In one bad week in March, two people were indirectly killed by automated driving systems. A Tesla vehicle drove into a barrier, killing its driver, and an Uber vehicle hit and killed a pedestrian crossing the street. The National Transportation Safety Board’s preliminary reports on both accidents came out recently, and these bring us as close as we’re going to get to a definitive view of what actually happened. What can we learn from these two crashes?
There is one outstanding factor that makes these two crashes look different on the surface: Tesla’s algorithm misidentified a lane split and actively accelerated into the barrier, while the Uber system eventually correctly identified the cyclist crossing the street and probably had time to stop, but it was disabled. You might say that if the Tesla driver died from trusting the system too much, the Uber fatality arose from trusting the system too little.
But you’d be wrong. The forward-facing radar in the Tesla should have prevented the accident by seeing the barrier and slamming on the brakes, but the Tesla algorithm places more weight on the cameras than the radar. Why? For exactly the same reason that the Uber emergency-braking system was turned off: there are “too many” false positives and the result is that far too often the cars brake needlessly under normal driving circumstances.

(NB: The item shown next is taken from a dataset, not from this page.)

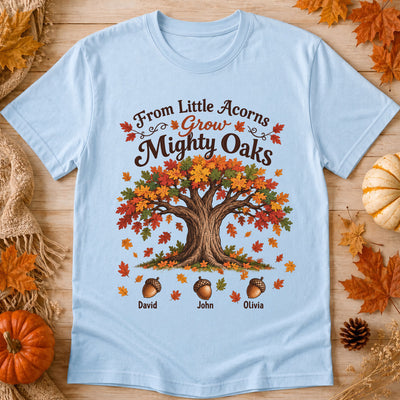 Personalized From Little Acorns Grow Mighty Oaks Shirt, Custom Kids Names Acorn Shirt, Fall Family Gift, Autumn Mom Grandma Crewneck
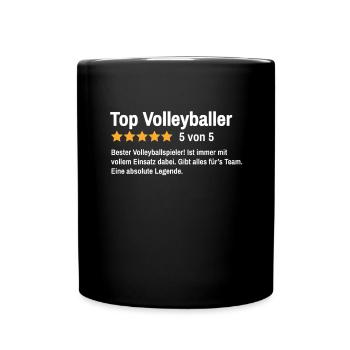Volleyball Spruch Volleyballspieler Volleyballer - Tasse einfarbig - Schwarz - Vorne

The crux of the self-driving at the moment is precisely figuring out when to slam on the brakes and when not. Brake too often, and the passengers are annoyed or the car gets rear-ended. Brake too infrequently, and the consequences can be worse. Indeed, this is the central problem of autonomous vehicle safety, and neither Tesla nor Uber have it figured out yet.
Tesla Cars Drive Into Stopped Objects
Let’s start with the Tesla crash. Just before the crash, the car was following behind another using its traffic-aware cruise control which attempts to hold a given speed subject to leaving appropriate following distance to the car ahead of it. As the Tesla approached an exit ramp, the car ahead kept right and the Tesla moved left, got confused by the lane markings on the lane split, and accelerated into its programmed speed of 75 mph (120 km/h) without noticing the barrier in front of it. Put simply, the algorithm got things wrong and drove into a lane divider at full speed.
To be entirely fair, the car’s confusion is understandable. After the incident, naturally, many Silicon Valley Tesla drivers recreated the “experiment” in their own cars and posted videos on YouTube. In this one, you can see that the right stripe of the lane-split is significantly harder to see than the left stripe. This explains why the car thought it was in the lane when it was actually in the “gore” — the triangular keep-out-zone just before an off-ramp. (From that same video, you can also see how any human driver would instinctively follow the car ahead and not be pulled off track by some missing paint.)
More worryingly, a similar off-ramp in Chicago fools a Tesla into the exact same behavior (YouTube, again). When you place your faith in computer vision, you’re implicitly betting your life on the quality of the stripes drawn on the road.
As I suggested above, the tough question in the Tesla accident is why its radar didn’t override and brake in time when it saw the concrete barrier. Hints of this are to be found in the January 2018 case of a Tesla rear-ending a stopped firetruck at 65 mph (105 km/h) (!), a Tesla hitting a parked police car, or even the first Tesla fatality in 2016, when the “Autopilot” drove straight into the side of a semitrailer. The telling quote from the owner’s manual: “Traffic-Aware Cruise Control cannot detect all objects and may not brake/decelerate for stationary vehicles, especially in situations when you are driving over 50 mph (80 km/h)…” Indeed.
Tesla’s algorithm likely doesn’t trust the radar because the radar data is full of false positives. There are myriad non-moving objects on the highway: street signs, parked cars, and cement lane dividers. Angular resolution of simple radars is low, and this means that at speed, the radar also “sees” the stationary objects that the car is not going to hit anyway. Because of this, to prevent the car from slamming on the brakes at every streetside billboard, Tesla’s system places more weight on the visual information at speed. Because Tesla’s “Autopilot” is not intended to be self-driving solution, they can hide behind the fig leaf that the driver should have seen it coming.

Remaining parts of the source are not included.